◆ Problem statement: Beginning at the line that holds "A causa delle", transcribe each line exactly through the end of the records, and leave any pictures out.

--

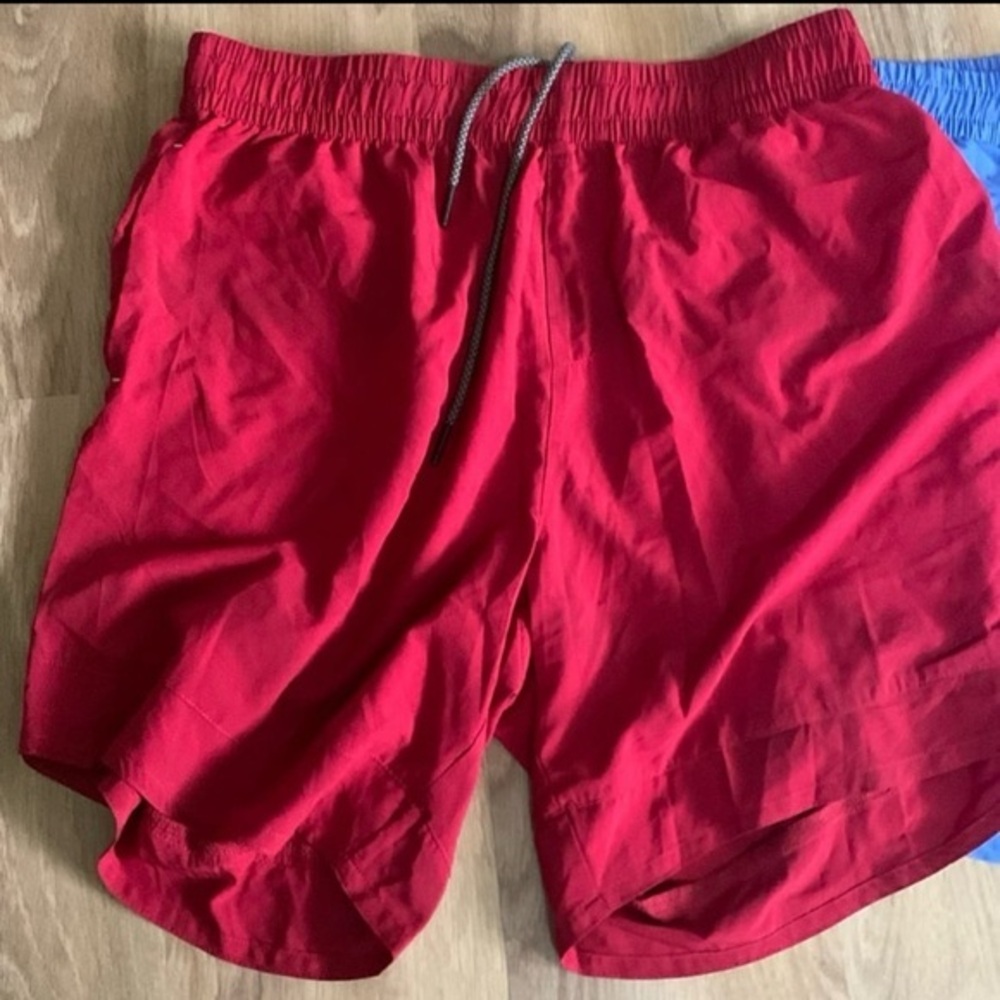 New pair of Men’s Athletic shorts great workout shorts CrossFit gym new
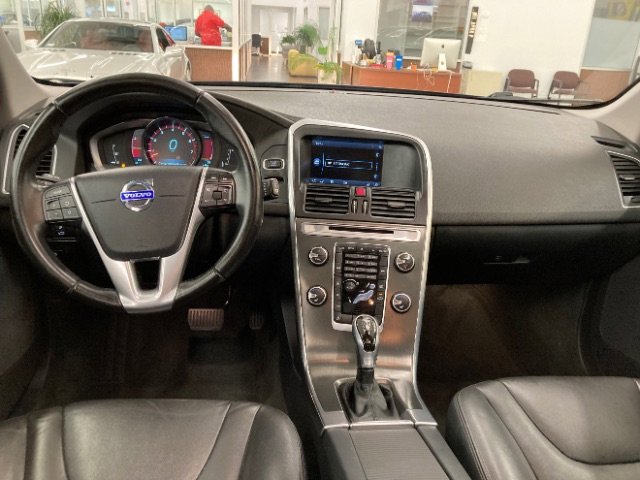Used 2015 Volvo XC60 3.2 Premier Plus image 20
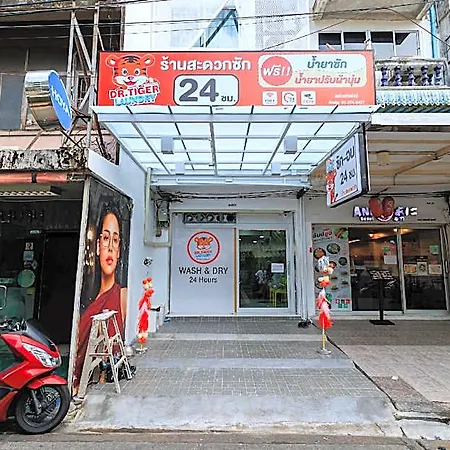 Reezq Hostel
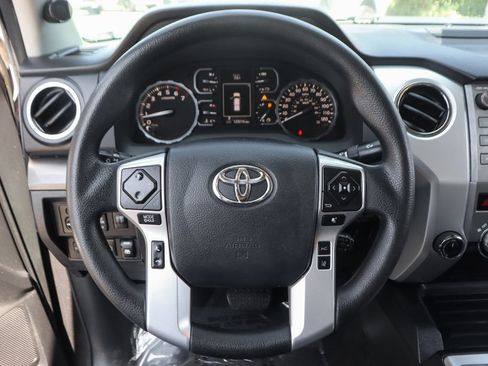 Used 2018 Toyota Tundra SR5 w/ SR5 Upgrade Package AWD/4WD image 21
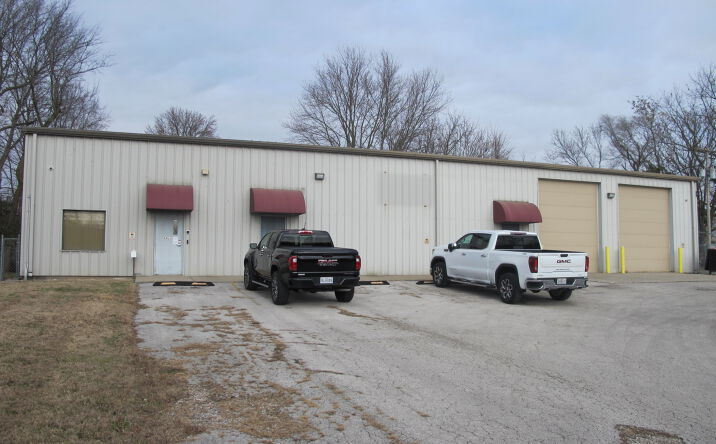 Pictures of Industrial property located at 1411 W Phelps St, Springfield, MO 65802 for lease - image #1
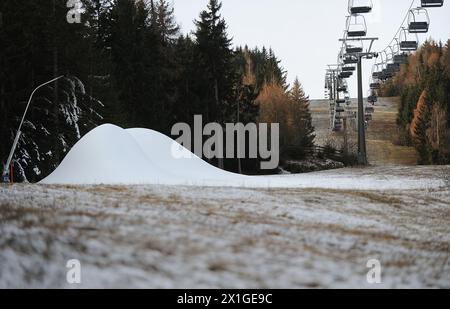 A causa delle temperature calde e del clima molto secco alla fine di novembre, le regioni sciistiche austriache sono ancora per la prima forte nevicata. Nella foto: Le piste vicino a Salisburgo sono in fase di preparazione con cannoni da neve il 27 novembre 2011. - 20111126 PD1187 - Rechteinfo: Diritti gestiti (RM) Foto Stock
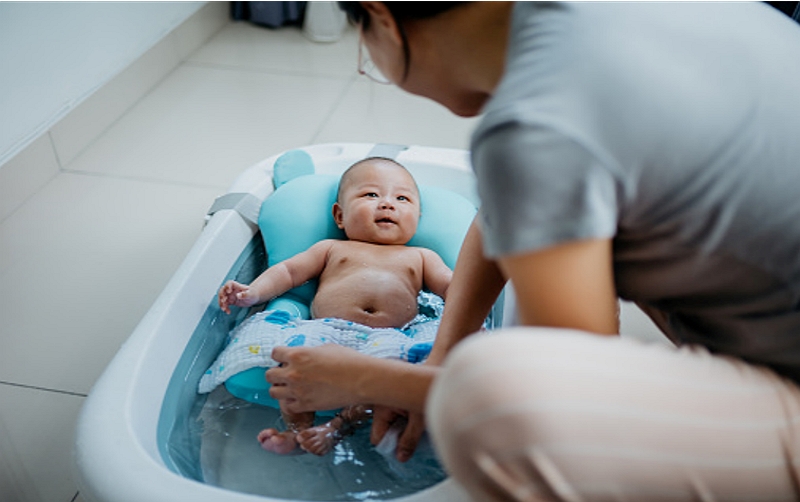 What temp should baby bath water be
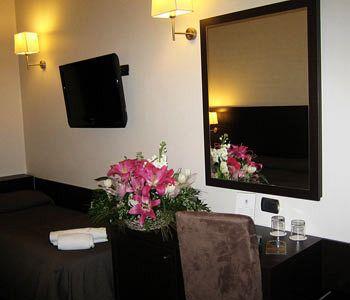 Hotel Raeli Floridia Roma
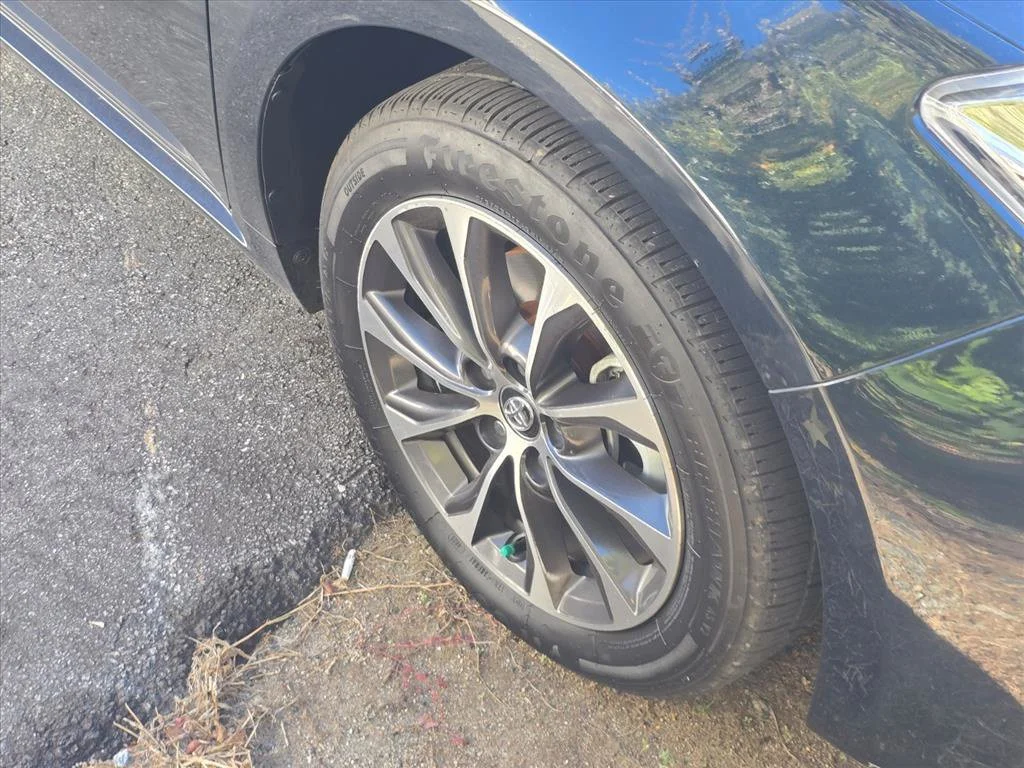 Used 2018 Gray Toyota XLE image 19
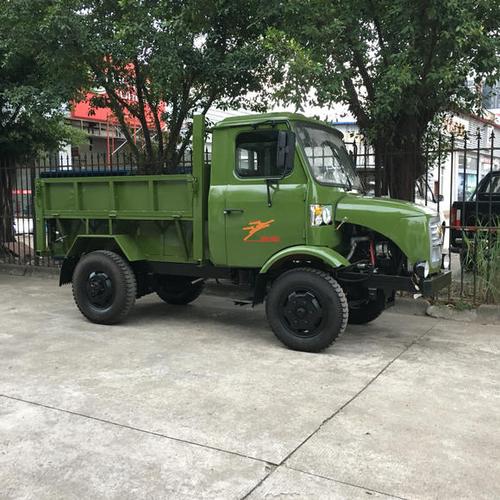 金鹿牌双缸后驱拖拉机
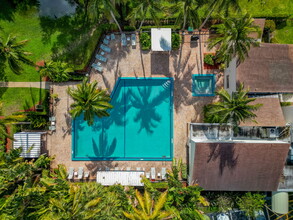 Jacaranda Club in Plantation, FL - Foto de edificio - Building Photo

--

◆ Task solution:
 A causa delle temperature calde e del clima molto secco alla fine di novembre, le regioni sciistiche austriache sono ancora per la prima forte nevicata. Nella foto: Le piste vicino a Salisburgo sono in fase di preparazione con cannoni da neve il 27 novembre 2011. - 20111126 PD1187 - Rechteinfo: Diritti gestiti (RM) Foto Stock
 What temp should baby bath water be
 Hotel Raeli Floridia Roma
 Used 2018 Gray Toyota XLE image 19
 金鹿牌双缸后驱拖拉机
 Jacaranda Club in Plantation, FL - Foto de edificio - Building Photo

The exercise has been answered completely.